*Supplied information*:
*** Block opens ***
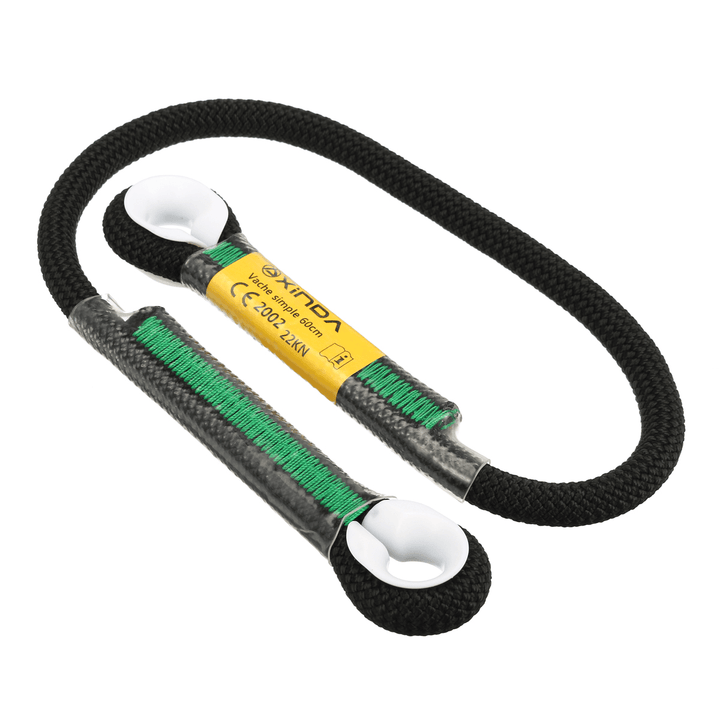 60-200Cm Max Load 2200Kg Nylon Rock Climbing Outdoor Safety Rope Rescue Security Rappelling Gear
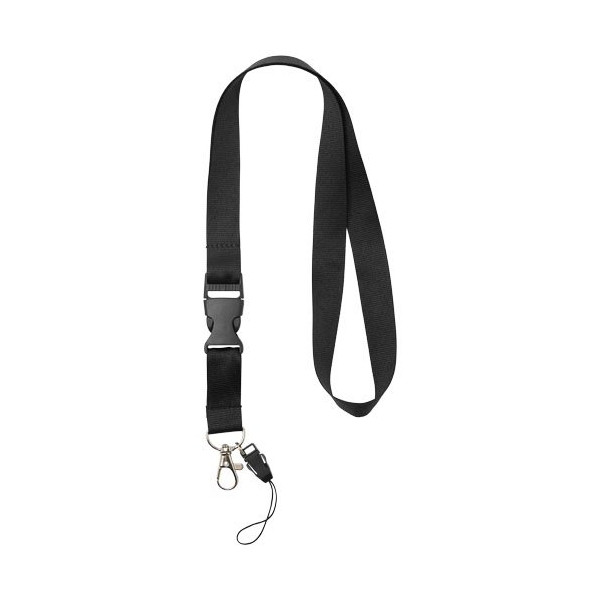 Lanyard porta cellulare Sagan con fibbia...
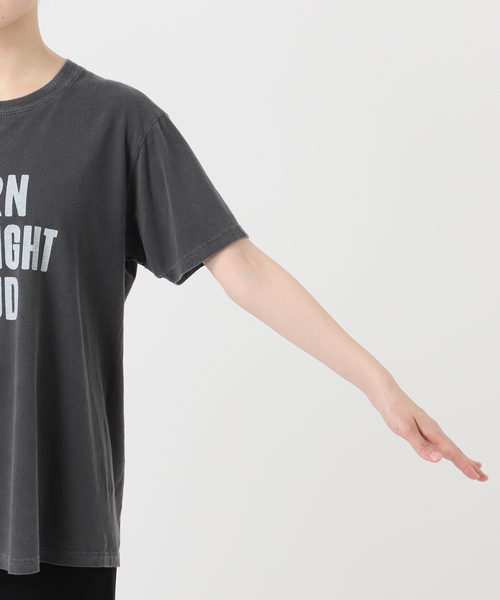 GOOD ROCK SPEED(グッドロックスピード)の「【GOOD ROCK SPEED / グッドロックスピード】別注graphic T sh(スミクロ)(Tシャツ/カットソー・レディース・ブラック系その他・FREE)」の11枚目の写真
*** Block closes ***
*** Block opens ***
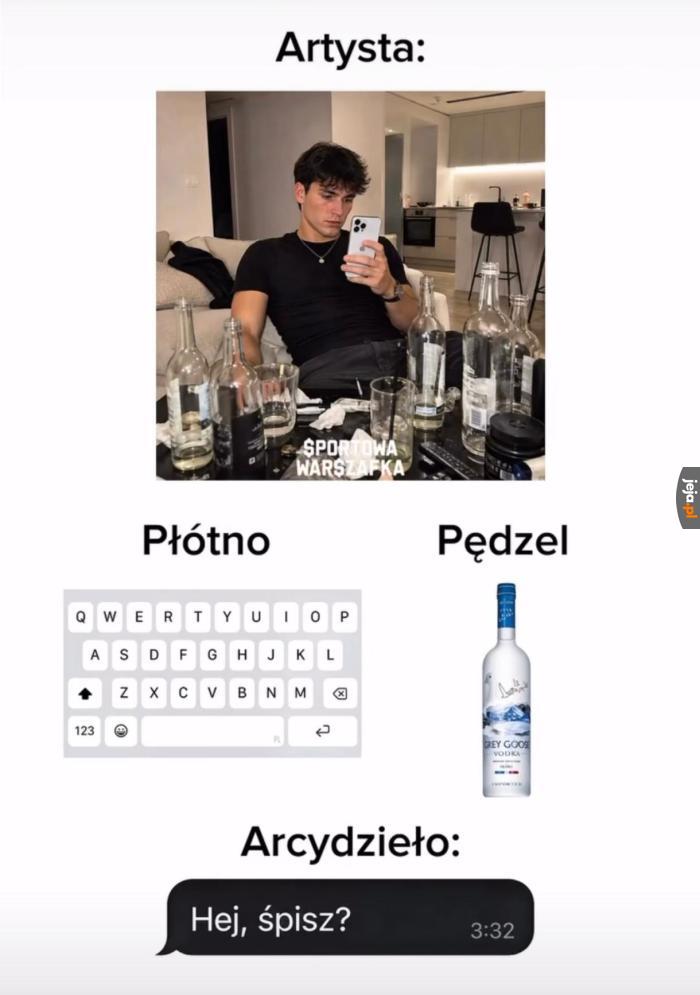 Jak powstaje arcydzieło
*** Block closes ***
*Task goal*:
In the data above, start at the line holding "Lanyard porta cellulare Sagan con fibbia..." and stop after the line holding "GOOD ROCK SPEED(グッドロックスピード)の「【GOOD"; write out those lines exactly, without pictures.

*Exercise result*:
 Lanyard porta cellulare Sagan con fibbia...
 GOOD ROCK SPEED(グッドロックスピード)の「【GOOD ROCK SPEED / グッドロックスピード】別注graphic T sh(スミクロ)(Tシャツ/カットソー・レディース・ブラック系その他・FREE)」の11枚目の写真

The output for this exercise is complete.